What’s most important for mutual fund investors?

What’s most important for mutual fund investors?

What’s most important for mutual fund investors?

Fees and expenses are an important factor in selecting mutual funds, ranking almost as highly as performance.

A survey of US households by the Investment Company Institute shows that more than 9 in 10 investors consider past performance of mutual funds with more than half ranking this as very important; while 9 in 10 say fees and expenses are considered with 40% saying costs are very important.

Eighty-eight percent of respondents considered a fund’s performance compared with an index, with 36% indicating it was “very important.”

“Mutual fund investors are typically saving for retirement, education, or other long-term financial goals,” said ICI Senior Director of Retirement and Investor Research Sarah Holden. “So it’s no surprise that households carefully consider many factors when choosing mutual funds, making informed choices to save and invest to meet their financial goals, as this report confirms.”
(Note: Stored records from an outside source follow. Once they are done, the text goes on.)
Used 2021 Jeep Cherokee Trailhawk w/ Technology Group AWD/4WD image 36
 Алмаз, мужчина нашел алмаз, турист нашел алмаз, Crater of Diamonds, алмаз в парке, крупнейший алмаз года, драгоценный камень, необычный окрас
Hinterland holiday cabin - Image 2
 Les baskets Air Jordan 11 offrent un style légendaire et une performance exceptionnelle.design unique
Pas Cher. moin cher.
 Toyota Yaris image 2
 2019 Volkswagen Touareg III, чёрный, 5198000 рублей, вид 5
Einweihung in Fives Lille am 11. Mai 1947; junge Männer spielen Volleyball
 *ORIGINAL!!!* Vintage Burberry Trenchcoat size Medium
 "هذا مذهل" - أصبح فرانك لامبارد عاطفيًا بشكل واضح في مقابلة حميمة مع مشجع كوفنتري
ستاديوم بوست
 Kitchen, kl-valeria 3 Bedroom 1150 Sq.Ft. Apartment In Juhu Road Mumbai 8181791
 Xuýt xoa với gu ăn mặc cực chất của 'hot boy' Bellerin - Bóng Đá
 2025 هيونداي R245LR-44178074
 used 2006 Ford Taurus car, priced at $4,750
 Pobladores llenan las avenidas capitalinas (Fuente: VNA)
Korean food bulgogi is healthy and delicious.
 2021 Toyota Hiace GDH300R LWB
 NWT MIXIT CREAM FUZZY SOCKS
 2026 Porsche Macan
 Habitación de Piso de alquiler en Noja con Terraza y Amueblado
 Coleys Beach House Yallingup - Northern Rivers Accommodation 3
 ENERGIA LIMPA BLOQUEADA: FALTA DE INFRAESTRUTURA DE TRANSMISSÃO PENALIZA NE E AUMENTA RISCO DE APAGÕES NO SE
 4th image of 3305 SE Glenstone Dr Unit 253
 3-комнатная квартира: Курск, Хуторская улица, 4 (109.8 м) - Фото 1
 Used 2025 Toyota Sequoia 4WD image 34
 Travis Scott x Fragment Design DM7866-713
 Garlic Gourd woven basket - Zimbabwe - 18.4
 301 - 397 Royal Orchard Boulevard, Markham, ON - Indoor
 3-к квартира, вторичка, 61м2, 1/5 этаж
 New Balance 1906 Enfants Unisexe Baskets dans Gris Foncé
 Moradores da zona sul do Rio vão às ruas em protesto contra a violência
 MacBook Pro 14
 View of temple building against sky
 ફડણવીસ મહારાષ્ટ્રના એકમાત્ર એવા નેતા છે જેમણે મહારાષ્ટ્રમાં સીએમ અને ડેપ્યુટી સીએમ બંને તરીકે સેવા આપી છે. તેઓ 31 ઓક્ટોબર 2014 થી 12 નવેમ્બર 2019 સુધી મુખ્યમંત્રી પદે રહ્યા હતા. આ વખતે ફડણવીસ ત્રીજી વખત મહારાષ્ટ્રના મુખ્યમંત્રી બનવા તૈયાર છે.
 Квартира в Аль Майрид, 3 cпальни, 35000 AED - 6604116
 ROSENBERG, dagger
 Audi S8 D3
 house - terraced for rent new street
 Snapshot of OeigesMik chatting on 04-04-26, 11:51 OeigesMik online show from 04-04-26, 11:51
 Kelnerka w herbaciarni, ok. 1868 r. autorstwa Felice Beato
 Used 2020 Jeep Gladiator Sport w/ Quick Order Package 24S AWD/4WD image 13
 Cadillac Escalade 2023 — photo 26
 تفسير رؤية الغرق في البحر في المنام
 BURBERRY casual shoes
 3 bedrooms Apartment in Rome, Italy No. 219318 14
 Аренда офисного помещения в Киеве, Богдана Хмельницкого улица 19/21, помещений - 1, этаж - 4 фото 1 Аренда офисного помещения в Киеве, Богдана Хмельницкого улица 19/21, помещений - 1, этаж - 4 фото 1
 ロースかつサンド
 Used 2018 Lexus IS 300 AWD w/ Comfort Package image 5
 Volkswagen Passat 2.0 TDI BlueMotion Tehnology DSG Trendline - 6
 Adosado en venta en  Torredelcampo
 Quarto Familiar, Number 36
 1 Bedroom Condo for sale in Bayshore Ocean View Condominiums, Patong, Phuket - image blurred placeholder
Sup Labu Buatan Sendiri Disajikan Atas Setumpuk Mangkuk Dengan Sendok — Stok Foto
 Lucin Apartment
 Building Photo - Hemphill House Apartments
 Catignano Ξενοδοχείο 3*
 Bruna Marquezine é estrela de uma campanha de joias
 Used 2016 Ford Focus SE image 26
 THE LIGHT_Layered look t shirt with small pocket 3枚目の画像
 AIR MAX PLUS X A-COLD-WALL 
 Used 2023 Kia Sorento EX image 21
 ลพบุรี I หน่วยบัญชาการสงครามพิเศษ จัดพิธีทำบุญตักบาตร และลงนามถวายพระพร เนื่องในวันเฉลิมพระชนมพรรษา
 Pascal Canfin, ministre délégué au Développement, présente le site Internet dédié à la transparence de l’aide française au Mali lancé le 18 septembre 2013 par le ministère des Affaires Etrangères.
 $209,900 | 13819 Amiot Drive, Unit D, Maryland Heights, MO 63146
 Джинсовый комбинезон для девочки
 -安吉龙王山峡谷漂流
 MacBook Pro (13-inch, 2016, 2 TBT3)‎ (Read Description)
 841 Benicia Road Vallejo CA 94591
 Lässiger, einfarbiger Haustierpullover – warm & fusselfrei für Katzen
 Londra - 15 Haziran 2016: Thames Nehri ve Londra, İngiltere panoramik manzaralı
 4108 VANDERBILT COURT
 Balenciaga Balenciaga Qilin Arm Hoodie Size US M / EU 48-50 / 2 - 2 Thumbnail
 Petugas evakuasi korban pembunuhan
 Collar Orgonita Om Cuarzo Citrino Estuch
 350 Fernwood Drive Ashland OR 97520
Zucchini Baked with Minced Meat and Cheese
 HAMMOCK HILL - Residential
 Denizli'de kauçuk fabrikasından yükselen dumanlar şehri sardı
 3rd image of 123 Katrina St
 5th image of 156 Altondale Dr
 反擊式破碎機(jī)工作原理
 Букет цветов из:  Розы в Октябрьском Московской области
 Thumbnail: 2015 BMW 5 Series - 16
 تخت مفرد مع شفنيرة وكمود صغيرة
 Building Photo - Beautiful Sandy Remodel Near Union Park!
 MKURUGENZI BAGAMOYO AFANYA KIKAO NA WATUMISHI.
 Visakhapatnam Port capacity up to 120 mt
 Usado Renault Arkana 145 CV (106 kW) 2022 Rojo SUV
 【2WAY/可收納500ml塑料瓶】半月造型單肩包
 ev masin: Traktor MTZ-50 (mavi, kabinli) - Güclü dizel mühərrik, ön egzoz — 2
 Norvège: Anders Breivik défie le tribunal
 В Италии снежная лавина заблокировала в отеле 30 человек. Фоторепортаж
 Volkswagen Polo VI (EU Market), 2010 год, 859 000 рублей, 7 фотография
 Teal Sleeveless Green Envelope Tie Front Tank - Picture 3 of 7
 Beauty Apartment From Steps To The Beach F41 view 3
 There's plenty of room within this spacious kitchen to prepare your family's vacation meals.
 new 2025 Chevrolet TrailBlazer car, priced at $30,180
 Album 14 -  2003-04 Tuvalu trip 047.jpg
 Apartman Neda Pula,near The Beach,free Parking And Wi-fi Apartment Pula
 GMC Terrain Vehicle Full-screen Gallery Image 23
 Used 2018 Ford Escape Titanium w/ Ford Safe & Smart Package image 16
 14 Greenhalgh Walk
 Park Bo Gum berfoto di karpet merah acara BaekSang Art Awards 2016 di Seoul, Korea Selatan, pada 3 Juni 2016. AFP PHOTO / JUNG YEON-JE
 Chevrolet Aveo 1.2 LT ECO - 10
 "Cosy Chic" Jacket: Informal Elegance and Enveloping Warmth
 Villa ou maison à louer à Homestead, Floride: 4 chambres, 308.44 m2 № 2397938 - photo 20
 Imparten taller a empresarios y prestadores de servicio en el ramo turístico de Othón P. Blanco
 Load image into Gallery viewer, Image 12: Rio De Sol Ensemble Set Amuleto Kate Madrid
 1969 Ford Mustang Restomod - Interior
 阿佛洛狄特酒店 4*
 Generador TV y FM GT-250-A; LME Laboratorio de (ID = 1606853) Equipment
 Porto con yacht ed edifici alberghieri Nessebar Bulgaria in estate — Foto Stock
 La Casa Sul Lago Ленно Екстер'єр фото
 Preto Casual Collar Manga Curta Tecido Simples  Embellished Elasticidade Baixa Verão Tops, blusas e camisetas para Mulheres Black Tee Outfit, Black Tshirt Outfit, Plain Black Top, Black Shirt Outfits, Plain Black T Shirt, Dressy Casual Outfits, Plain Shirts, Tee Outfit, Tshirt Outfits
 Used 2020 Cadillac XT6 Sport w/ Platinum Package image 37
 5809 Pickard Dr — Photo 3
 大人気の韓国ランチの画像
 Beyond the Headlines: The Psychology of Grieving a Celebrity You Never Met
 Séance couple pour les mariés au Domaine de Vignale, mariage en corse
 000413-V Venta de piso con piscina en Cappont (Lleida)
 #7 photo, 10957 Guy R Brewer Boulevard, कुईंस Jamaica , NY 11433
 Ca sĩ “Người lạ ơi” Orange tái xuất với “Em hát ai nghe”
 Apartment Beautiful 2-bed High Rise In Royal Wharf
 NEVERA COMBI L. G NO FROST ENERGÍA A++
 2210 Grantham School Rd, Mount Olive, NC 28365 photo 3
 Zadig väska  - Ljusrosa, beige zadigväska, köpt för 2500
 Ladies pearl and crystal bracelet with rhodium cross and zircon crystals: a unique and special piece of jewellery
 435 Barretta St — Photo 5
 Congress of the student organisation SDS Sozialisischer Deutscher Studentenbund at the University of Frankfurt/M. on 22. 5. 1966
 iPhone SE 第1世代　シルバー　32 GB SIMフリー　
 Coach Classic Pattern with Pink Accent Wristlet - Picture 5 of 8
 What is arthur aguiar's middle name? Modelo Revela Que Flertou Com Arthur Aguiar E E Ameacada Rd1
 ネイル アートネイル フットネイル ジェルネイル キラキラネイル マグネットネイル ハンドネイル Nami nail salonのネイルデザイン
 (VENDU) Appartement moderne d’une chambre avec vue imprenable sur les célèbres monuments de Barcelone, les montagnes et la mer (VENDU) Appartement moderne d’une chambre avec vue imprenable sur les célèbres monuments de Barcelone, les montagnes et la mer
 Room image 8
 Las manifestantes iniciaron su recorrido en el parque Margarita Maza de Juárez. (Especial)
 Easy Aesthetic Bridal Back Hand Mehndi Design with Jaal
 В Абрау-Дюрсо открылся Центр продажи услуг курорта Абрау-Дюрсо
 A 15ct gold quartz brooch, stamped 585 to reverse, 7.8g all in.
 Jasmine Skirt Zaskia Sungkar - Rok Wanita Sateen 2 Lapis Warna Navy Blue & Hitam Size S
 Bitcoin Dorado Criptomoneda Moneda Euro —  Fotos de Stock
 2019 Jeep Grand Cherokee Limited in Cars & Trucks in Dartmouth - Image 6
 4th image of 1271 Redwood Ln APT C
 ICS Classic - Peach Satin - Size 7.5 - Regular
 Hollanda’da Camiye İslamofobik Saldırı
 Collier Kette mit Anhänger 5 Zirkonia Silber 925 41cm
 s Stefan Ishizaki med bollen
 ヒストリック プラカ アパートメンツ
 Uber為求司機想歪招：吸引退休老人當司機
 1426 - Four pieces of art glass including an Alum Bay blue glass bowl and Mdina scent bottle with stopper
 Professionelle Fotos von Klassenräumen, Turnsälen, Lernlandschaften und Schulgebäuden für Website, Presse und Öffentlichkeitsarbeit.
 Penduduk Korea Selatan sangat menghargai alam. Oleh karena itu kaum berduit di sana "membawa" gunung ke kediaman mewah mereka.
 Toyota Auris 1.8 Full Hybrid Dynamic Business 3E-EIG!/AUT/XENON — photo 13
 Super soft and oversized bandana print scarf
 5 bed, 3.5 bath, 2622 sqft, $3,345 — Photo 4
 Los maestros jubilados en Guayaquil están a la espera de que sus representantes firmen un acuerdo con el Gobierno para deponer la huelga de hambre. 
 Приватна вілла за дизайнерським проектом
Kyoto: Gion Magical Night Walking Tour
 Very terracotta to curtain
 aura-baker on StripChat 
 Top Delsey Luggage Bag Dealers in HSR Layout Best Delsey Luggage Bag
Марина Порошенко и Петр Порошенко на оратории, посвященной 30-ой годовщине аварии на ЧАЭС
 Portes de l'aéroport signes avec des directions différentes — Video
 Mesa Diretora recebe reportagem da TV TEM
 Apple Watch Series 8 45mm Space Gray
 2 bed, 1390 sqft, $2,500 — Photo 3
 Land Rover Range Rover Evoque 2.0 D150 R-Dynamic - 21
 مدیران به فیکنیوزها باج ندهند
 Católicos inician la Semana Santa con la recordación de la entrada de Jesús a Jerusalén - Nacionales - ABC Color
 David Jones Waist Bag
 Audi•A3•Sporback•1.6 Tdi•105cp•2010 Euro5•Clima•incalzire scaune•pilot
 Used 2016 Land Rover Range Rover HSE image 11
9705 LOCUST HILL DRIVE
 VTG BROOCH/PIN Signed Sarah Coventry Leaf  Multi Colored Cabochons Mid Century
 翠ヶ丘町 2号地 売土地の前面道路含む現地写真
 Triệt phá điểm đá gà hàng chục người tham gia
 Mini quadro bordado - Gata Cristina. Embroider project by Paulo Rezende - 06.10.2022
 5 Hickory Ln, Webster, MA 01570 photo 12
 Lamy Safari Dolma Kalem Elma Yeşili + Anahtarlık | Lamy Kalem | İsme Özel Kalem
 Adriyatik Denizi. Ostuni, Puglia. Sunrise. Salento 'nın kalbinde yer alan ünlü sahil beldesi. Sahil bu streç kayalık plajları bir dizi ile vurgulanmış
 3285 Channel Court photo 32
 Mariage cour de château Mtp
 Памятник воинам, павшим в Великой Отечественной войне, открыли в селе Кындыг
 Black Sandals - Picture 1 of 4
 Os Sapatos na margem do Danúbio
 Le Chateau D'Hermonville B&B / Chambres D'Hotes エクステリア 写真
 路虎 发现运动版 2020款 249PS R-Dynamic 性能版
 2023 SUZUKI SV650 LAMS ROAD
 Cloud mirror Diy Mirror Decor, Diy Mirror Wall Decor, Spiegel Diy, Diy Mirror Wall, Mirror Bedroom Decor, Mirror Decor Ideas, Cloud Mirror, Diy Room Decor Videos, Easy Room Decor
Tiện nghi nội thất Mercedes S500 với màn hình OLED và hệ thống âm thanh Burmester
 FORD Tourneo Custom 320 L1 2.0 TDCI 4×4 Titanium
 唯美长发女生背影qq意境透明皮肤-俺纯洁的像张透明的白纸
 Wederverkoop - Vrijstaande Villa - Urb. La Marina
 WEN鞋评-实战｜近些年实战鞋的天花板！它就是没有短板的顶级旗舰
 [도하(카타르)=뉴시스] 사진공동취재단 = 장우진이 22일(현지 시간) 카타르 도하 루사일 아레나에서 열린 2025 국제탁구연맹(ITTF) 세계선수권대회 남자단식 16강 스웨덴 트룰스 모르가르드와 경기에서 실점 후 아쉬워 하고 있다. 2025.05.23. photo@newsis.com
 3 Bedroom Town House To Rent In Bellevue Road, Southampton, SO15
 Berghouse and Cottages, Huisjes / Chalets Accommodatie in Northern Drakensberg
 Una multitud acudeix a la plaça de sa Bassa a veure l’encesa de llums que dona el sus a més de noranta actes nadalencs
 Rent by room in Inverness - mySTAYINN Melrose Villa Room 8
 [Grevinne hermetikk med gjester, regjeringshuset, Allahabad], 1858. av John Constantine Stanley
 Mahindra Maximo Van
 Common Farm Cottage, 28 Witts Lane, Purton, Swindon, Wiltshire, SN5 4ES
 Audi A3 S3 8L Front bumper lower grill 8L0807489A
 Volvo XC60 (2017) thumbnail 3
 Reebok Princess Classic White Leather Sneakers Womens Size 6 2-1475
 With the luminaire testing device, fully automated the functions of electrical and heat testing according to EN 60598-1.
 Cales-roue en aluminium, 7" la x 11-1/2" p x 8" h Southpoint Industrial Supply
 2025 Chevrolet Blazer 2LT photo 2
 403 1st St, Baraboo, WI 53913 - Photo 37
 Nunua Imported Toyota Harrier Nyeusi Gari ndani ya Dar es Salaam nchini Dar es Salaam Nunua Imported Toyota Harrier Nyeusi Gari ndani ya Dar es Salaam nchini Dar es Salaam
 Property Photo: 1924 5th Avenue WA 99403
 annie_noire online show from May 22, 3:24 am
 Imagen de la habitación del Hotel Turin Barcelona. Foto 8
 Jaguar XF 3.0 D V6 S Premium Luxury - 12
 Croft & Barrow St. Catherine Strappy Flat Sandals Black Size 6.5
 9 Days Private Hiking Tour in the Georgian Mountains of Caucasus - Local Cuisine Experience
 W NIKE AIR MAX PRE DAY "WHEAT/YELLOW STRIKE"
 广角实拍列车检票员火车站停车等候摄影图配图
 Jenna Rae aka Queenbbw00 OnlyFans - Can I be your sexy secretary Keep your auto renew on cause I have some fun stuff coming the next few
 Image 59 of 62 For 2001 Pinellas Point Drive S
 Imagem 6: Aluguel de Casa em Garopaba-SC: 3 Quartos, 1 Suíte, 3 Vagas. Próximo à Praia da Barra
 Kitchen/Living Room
Investment objective is important
The report - "What US Households Consider When They Select Mutual Funds, 2018” – shows that 90% of mutual fund–owning households considered the fund’s investment objective when selecting a mutual fund, with 38% agreeing it was “very important.”

Ninety-one percent considered the risk level of a fund’s investments when selecting mutual funds, with 37% indicating it was “very important” in their fund selection decision.

And 75% of mutual fund-owning households said they consider a fund’s rating from a rating service, with 20% considering such a rating “very important” in their decision making.

Where investors are buying their funds
Of those households that hold mutual fund investments, most (80%) purchased them inside an employer-sponsored retirement plan; 63% outside an employer-sponsored retirement plan; 49% through a sales force or investment professional; 27% through a full-service broker; and 24% through an independent financial planner. Banks and savings institutions were used by 17%.